Friday, December 11, 2009

Spiders and the Tangled Webs They Weave



Have you ever walked through a spider web? Maybe you were just strolling along, minding your own business when all of a sudden you feel that sticky tug somewhere on your body? It's pretty gross, I know, but just stick with me. (No pun intended.) Then after you have collided with the web, you can suddenly see all the little strands connecting you to thousands of different places. Usually there are so many that you wonder how you missed the web in the first place?

My mind works like a spider web. There is a web of thousands of strong, undetectable connections between thoughts and I frequently, unwittingly collide into it. The smell of stargazer lilies* reminds me of the carpet in my first apartment and a flower shop in New Orleans with dirty windows and a tile floor at some funeral home and things that are soft like petals and a really good backstretch. There is no logical reason why that smell would trigger the recall of half of those things but those spiders have diligently formed bonds between these ideas. They are shortcuts from somewhere mundane to nowhere special.

But every once in a while that nearly-invisible string will lead to somewhere with meaning. Somewhere very private because it is so tender with feeling that even when you want to share it, there is no way to make someone else feel exactly like you feel. Others can only take a mental picture of how you feel and label it "sad" or "angry" or "forgiveness" or "caution" and then maybe have their own private feeling about it which can later be connected with sticky silk to Tuesdays or your sweater or laugh lines or something stuck in between teeth.

Well here is a very private thought of mine: I am surprised by all the things that remind me of that little puppy that I lost.

I expected the quality of the thoughts (sad, helpless, frustrated) and their magnitude (not mild - I am an emotional person - but tempered by logic and memories of stronger sadnesses) but I am shocked by their quantity. At least twenty things a day remind me of him.

Those little spiders had been hard at work connecting him to lots of different thoughts. But as with a real spider web after you walk through it enough times it breaks, and then those busy little spinnerets get to work building new crossroads in the gaping hole.

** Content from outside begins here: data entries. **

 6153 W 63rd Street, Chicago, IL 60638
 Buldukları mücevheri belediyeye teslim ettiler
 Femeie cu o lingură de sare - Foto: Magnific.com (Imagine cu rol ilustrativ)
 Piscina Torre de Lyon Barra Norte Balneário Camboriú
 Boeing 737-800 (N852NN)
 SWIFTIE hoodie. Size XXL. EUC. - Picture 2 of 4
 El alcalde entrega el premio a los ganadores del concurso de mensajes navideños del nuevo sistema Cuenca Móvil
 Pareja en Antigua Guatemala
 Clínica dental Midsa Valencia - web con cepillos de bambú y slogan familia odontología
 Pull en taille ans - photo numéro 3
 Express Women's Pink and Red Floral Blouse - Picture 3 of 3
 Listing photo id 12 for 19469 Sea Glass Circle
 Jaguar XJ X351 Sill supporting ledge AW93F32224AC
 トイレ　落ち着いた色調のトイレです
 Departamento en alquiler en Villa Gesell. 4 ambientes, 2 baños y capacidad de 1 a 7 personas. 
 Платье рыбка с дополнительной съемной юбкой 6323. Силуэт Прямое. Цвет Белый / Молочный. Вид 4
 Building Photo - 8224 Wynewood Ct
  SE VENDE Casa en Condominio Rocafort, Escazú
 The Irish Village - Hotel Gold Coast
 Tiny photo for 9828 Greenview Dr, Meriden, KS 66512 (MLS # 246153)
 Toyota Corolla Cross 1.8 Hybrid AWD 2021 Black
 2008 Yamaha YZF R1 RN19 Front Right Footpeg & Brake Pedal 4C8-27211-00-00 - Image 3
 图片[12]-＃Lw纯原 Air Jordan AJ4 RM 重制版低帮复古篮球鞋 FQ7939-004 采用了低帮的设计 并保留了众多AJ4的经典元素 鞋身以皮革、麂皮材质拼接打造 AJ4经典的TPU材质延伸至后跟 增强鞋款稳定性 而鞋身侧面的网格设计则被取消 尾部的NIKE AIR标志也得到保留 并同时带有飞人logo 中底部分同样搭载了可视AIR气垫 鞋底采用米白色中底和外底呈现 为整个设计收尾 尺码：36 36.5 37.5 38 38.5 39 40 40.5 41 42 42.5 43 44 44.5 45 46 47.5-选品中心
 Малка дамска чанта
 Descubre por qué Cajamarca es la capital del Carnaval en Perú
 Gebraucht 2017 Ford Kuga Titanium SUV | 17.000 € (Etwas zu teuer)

So I hope no one labels that thought I had as "sad" or "pathetic" or "over-sentimental" because I know it is somewhat temporary just like most sadness.

The spiders that live in my mind
Are diligent and unkind.
Taking me places that, make my heart ache.
But they do it too often and soon those bonds break.

*Which you may have learned I love if you read about my boyfriend orientation.


1 comment:

AVR said...

This was maybe my favorite post ever; it's definitely right up there with "can't we all just get a lung." You are not only lovely, smart and humorous, but now you have been able to say something that I have fely beautifully, originally and clearly. Thank you.